The editorial categories are research topics that have guided researchers during the recovery phase and continue to be the impetus behind the Documents Project’s digital archive and the Critical Documents book series. Developed by the project’s Editorial Board, each of the teams analyzed this framework and adapted it to their local contexts in developing their research objectives and work plans during the Recovery Phase. Learn more on the Editorial Framework page.
Irradiador magazine—subtitled, “Avant-garde magazine: an international project devoted to the new aesthetic, directed by Manuel Maples Arce & Fermín Revueltas”—was published in Mexico City in 1923. El restorán [The Restaurant], a drawing by Revueltas, illustrates the cover of the first issue. In the magazine’s first essay, titled “Irradiación inaugural,” which is presented in the form of a manifesto, the Estridentistas declare themselves to be “noviangularmente irradiales” [neo-angularly irradiant]; they praise the urban aesthetics and advise the reader, whom they address as one stricken with a social disease, to consult Dr. The Unbelievable in order to have an “irradioscopy,” and undergo “Stridentotherapy.” This first essay includes a poem jointly written by Diego Rivera and the writer and poet Julio Torri in the form of an advertisement for “Stridentina,” as an infallible cure against academic, conservative intellectuality.

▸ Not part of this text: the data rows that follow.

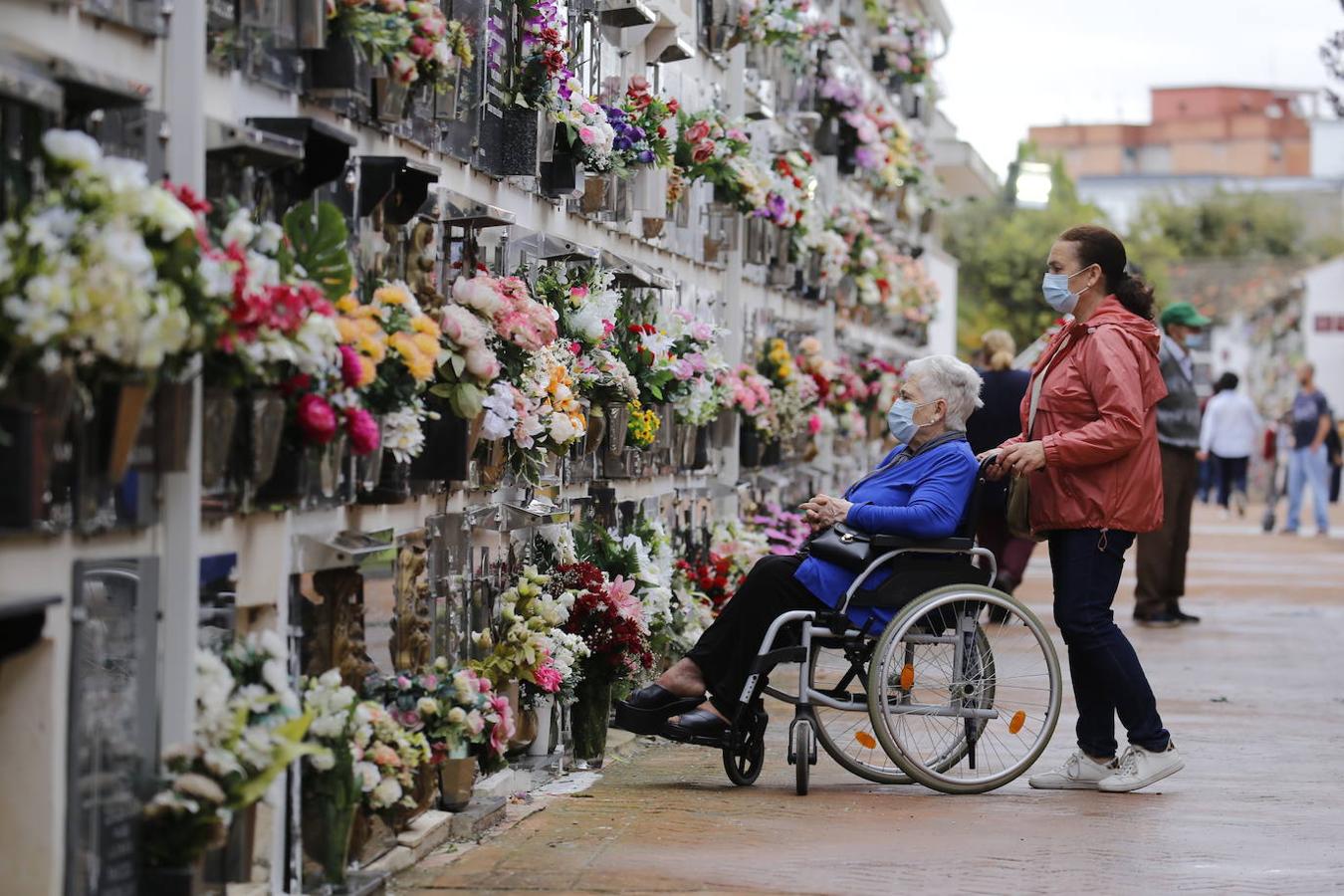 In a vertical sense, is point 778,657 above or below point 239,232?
below

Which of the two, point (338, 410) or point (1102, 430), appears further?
point (1102, 430)

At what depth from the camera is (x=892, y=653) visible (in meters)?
7.94

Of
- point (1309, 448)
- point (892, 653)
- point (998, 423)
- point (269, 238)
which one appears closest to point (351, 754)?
point (269, 238)

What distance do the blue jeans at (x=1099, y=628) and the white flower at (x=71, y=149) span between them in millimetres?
4718

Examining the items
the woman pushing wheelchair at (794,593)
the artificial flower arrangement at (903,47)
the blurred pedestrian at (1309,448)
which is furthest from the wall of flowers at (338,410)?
the blurred pedestrian at (1309,448)

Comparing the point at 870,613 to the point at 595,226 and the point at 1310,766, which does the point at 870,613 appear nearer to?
the point at 1310,766

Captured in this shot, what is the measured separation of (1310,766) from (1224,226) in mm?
79909

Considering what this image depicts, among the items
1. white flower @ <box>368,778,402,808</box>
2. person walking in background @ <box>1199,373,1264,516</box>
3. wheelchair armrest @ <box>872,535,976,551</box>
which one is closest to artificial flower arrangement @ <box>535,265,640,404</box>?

Irradiador was the first Estridentista magazine to experiment with advertising and used photography as well as an extension of the avant-garde language; even Edward Weston (1886–1958) was among its contributors. The two subsequent issues of the magazine appeared in October and November 1923. Calligraphic poems, like the one by Gonzalo Deza Méndez published in the second issue of Irradiador magazine, were closer to the Frenchman Guillaume Apollinaire’s "calligrammes." The one by Diego Rivera (1886–1957) and Julio Torri (1889–1970) sketches forms with words that are seasoned with a sense of irony to produce the confrontational language against the conservative groups and turn the poem into a sort of ideographical manifesto.